The key slid into the lock and a moment later I was through the door. Part of me was wishing that it hadn't fit or something so that I could have an excuse to knock down the door. That might help take out some frustration, certainly.

Her apartment was so clean it was infuriating. Yet, I knew I should be happy. Would it have made things better if her stuff was smashed and broken with clear signs of a struggle? No. There was no way I wanted that. Because that meant she might be hurt.

Clean was good, very good, I assured myself.

It was more than a little strange, being here without her. I felt like I was intruding, like maybe any second I'd hear, "What the heck are you doing, Booth?" and I'd turn to see her standing there, hands on her hips and her eyes blazing with her mouth half open in that unmistakable incredulously shocked look that I got so often from her...

But of course that didn't happen. I remained all alone.

I pulled on the rubber gloves that felt tight and uncomfortable over my skin and then began to dig through her stuff that appeared to have been placed in its locations most recently. Her mail... a few magazines on her living room coffee table... a few loose files on the edge of the couch... a few CDs lying on the table.
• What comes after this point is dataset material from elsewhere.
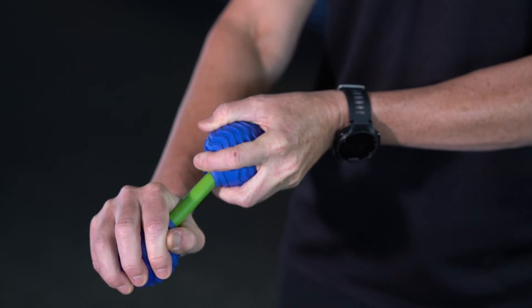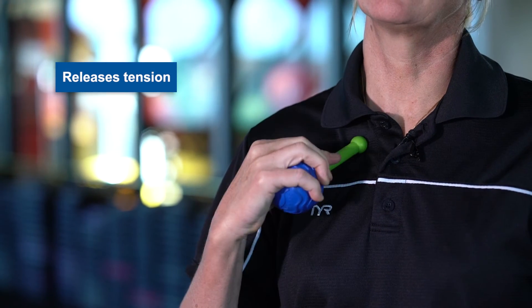You can actually pull it apart, and you end up with a nice little end that you can use on the sternoclavicular joint. There are literally a thousand ways we can use these massage balls, but I'm going to take some time and show you a few.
I picked up one and smiled softly. Foreigner.

But the smile vanished quickly and I moved on. I couldn't think back to past events with the future shadowing so dangerously over me. The future where I may never see her again.

I frowned. Stop that, I snapped angrily at my thoughts. That's not going to help anything.

As annoying as it was, the police had been right. There was nothing here. I sighed and dropped down onto her couch. I peeled of my gloves and then picked up the nearest pillow. I just sort of stared at it for a very long time, and then cautiously, as though I was still worried she may walk in and interrupt me, I lifted it to my face and pressed the soft fabric against my skin.

It smelled like her, I thought with another sorrowful sigh. I pressed my face deeper into it and attempted to pretend it was her soft auburn hair. It wasn't a very good replacement, when I compared it to the actual thing, but it would have to do.

I flopped back on the couch and gave up avoiding the past. Hey, it had already happened and there was nothing I could do but worry in relation to the future at the moment, something I was trying to keep myself from doing. I'd spent enough time worrying. The past twelve hours, to be exact.

I recalled my favorite fantasy, which I had started to imagine, quite guiltily, after we'd taken care of Andy. It involved a small house on the edge of D.C. and evenings in front of that flat screen tv with my arm around her and her head rested sweetly on my shoulder. Her auburn hair would be spread out softly over my shirt and I would be able to twist my head around and kiss her every few minutes without her getting scared or freaking out.

And more recently I'd started wishing for a little Andy of my own... with her. That would make that scene complete. The two of us cuddled up together on the couch with the small child between us, the perfect mix of both of us, with her eyes and her hair and my smile. Or maybe her smile. Actually, if our baby were to look completely like her I'd be more than happy.

Cut it out! I snapped angrily at myself, and then swore a few times out loud and got up from the couch. The more I wished for the completely impossible the worse pain I was going to cause myself. I ran desperately from the apartment, suddenly having a hard time breathing properly. My heart was throbbing painfully and my vision was blurred.

Outside, I gasped for air and then quickly blinked my eyes to clear them. I must have... must have gotten some dust in them...

I quickly locked the door and then made my way to the elevator feeling slightly dizzy and disoriented. I hit the button and waited for the elevator, not feeling like I could stay here a moment longer or I might not survive. My heart was already pounding at a ridiculous rate and I was sweating.

I had to find her. I had to.

I couldn't live without her...


Poor Booth :(

Oh, and sorry if anyone is finding Booth OOC, I guess writing in first person from Brennan's POV sorta makes him seem weird. I'll have to work on that.